Rückblicke 13/01/94
Mit einem Schlagabtausch zwischen Anklage und Verteidigung ist am Mittwoch in San Antonio (Texas) der Prozess gegen elf überlebende Mitglieder der „Davidianer“-Sekte fortgesetzt worden. Zuvor waren zwölf Geschworene ausgewählt worden. Den Angeklagten – zehn Männern und einer Frau – wird Verschwörung im Zusammenhang mit dem Tod von vier US-Bundesbeamten bei der missglückten Razzia des Sektenanwesens am 28. Februar 1993 zur Last gelegt.
Zur Eröffnung sagte ein Vertreter der Anklage, im Prozess gehe es nicht um Religion, sondern um „mörderische Absichten“ der Gruppe um Anführer David Koresh, die Waffen gelagert hatte. „Wir werden zeigen, dass es sich nicht um Bibelschüler handelte“, sagte Staatsanwalt Ray Jahn. Die elf Angeklagten hatten das Anwesen bei Waco während der siebenwöchigen Belagerung durch die Polizei nach dem 28. Februar verlassen. Jahn will indes nachweisen, dass alle beim tödlichen Schusswechsel am 28. Februar mitgemacht hätten.
„Es war mehr als ein Zuhause, es war eine Kirche“, spielte der Verteidiger eines der Angeklagten dagegen die Sekte hoch. Ohne grosse Schwierigkeiten hätten die Behörden den Anführer Koresh verhaften können, ein spektakuläres Vorgehen jedoch vorgezogen. Am 28. Februar sollen auch fünf Sektenanhänger ums Leben gekommen sein. Sektenmitglieder hatten beim Anrücken der Polizei das Feuer eröffnet.

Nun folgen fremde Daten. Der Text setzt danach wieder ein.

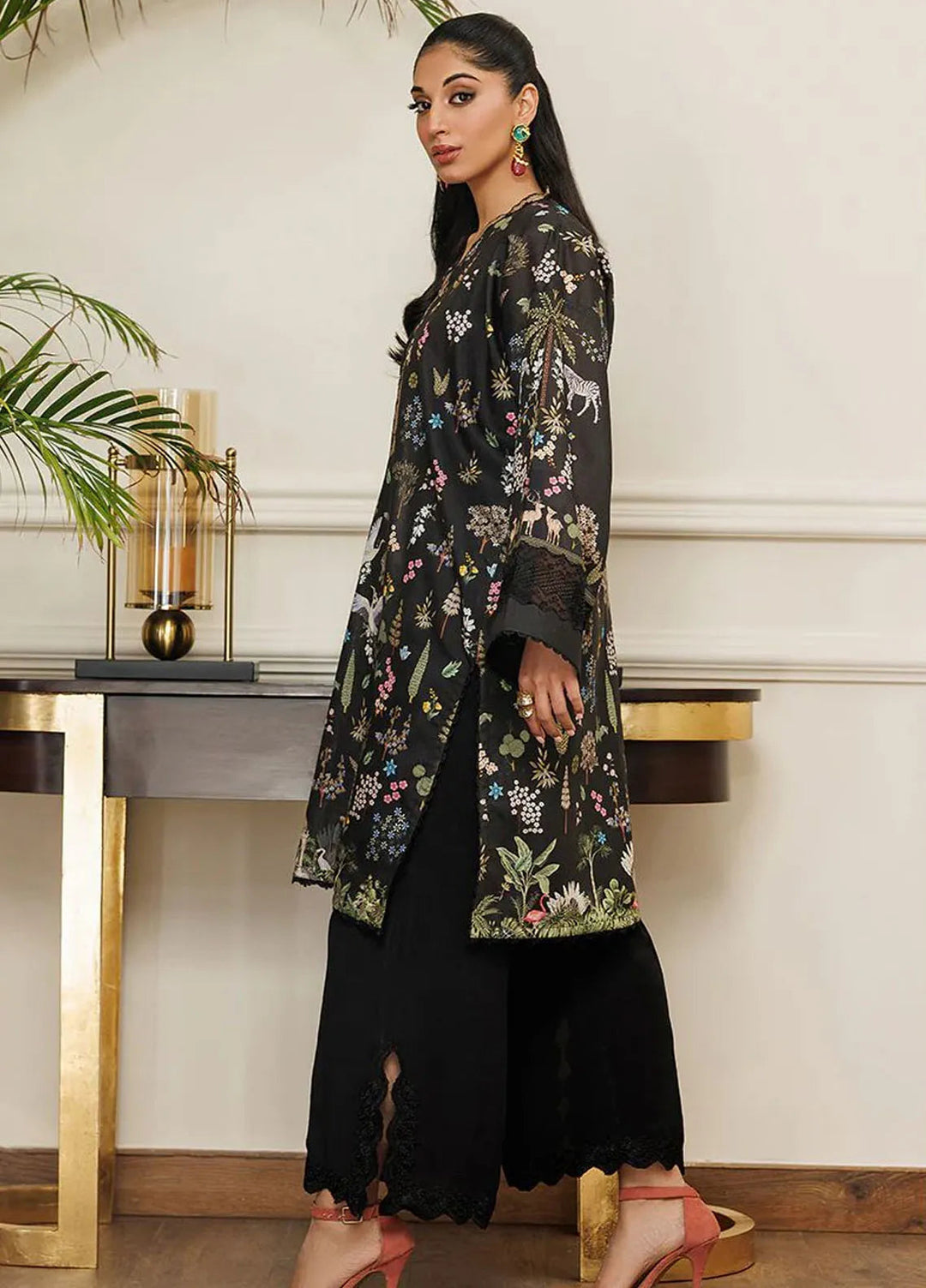 Threads And Motifs Pret Embroidered Net 3 Piece Suit 9018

Die missglückte Razzia hatte zum Rücktritt des Leiters der ATF- Sonderpolizei beim US-Finanzministerium geführt. Bei der Belagerung waren im April 1993 über 80 Sektenmitglieder zusammen mit Koresh ums Leben gekommen. Untersuchungen ergaben, dass Davidianer den Brand selbst legten, nachdem die „Ranch Apocalypse“ von der Polizei gestürmt worden war. Der Prozess soll zwei Monate dauern.